如何提取PDF文件中表格数据到数据库中
[此贴子已经被作者于2023/9/15 19:11:12编辑过]
Dim reader As New iTextSharp.text.pdf.PdfReader("d:\test.pdf")
Dim n As Integer = reader.NumberOfPages
Dim str As String = ""
For i As Integer = 1 To n
Dim strategy As object = New iTextSharp.text.pdf.parser.SimpleTextExtractionStrategy()
Dim currentText As String = iTextSharp.text.pdf.parser.PdfTextExtractor.GetTextFromPage(Reader, i, strategy)
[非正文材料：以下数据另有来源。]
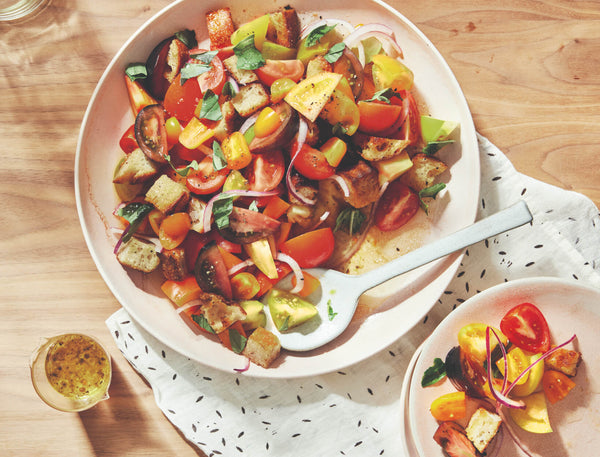 PANZANELLA FOR SUMMER SUPPERS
currentText = Encoding.UTF8.GetString(ASCIIEncoding.Convert(Encoding.[Default], Encoding.UTF8, Encoding.[Default].GetBytes(currentText)))
str &= currentText
Next
msgbox(str)
reader.Close()
此主题相关图片如下:1694773476332.jpg

此主题相关图片如下:rrr.jpg

[此贴子已经被作者于2023/9/15 18:29:49编辑过]
可能.net版本问题,要引用.net 4.0的iTextSharp.dll
Dim doc As org.apache.pdfbox.pdmodel.PDDocument = Nothing
Try
doc = org.apache.pdfbox.pdmodel.PDDocument.load("d:\AAA.pdf")
Dim pages = doc.getDocumentCatalog().getAllPages()
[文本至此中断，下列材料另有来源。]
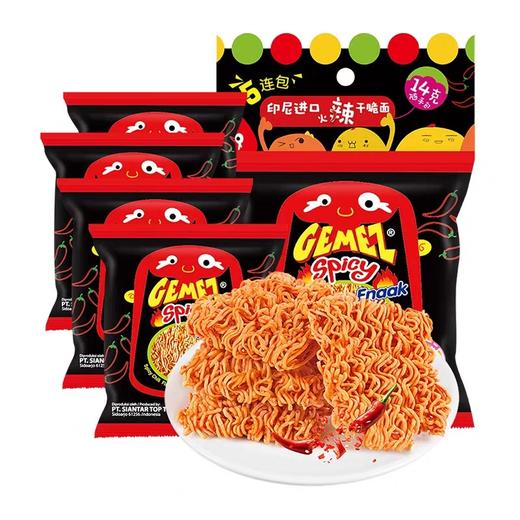 Gemez小鸡干脆面辣味14g 商品图0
Dim pdfStripper = new org.apache.pdfbox.util.PDFTextStripper
Dim text = pdfStripper.getText(doc)
msgbox(text)
catch ex As exception
msgbox(ex.message)
Finally
If doc IsNot Nothing Then
doc.close()
End If
End Try
此主题相关图片如下:1697638434719.jpg

使用的第三方dll是.net 4.0的吗?复制到Foxtable安装目录了吗?
我用的是net4.0,
itextsharp.dll已复制了,但还是出错
我用下面代码是可以的
Dim reader As New iTextSharp.text.pdf.PdfReader("d:\AAA.pdf")
Dim n As Integer = reader.NumberOfPages
Dim str As String = ""
For i As Integer = 1 To n
Dim strategy As object = New iTextSharp.text.pdf.parser.SimpleTextExtractionStrategy()
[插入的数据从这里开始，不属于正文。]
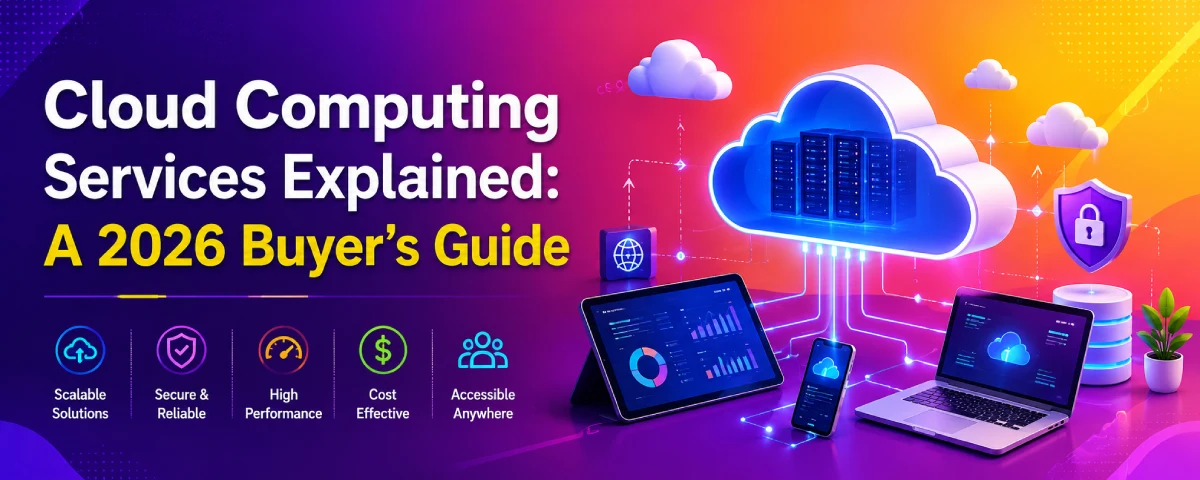 Cloud Computing Services Explained: A 2026 Buyer’s Guide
Dim currentText As String = iTextSharp.text.pdf.parser.PdfTextExtractor.GetTextFromPage(Reader, i, strategy)
currentText = Encoding.UTF8.GetString(ASCIIEncoding.Convert(Encoding.[Default],
Encoding.UTF8,
Encoding.[Default].GetBytes(currentText)))
str &= currentText
Next
'msgbox(str)
Output.Show(str)
reader.Close()
但为什么用4楼时会出错???
[此贴子已经被作者于2023/10/18 23:39:18编辑过]
4楼是另外一个组件吧,和itextsharp没有任何关系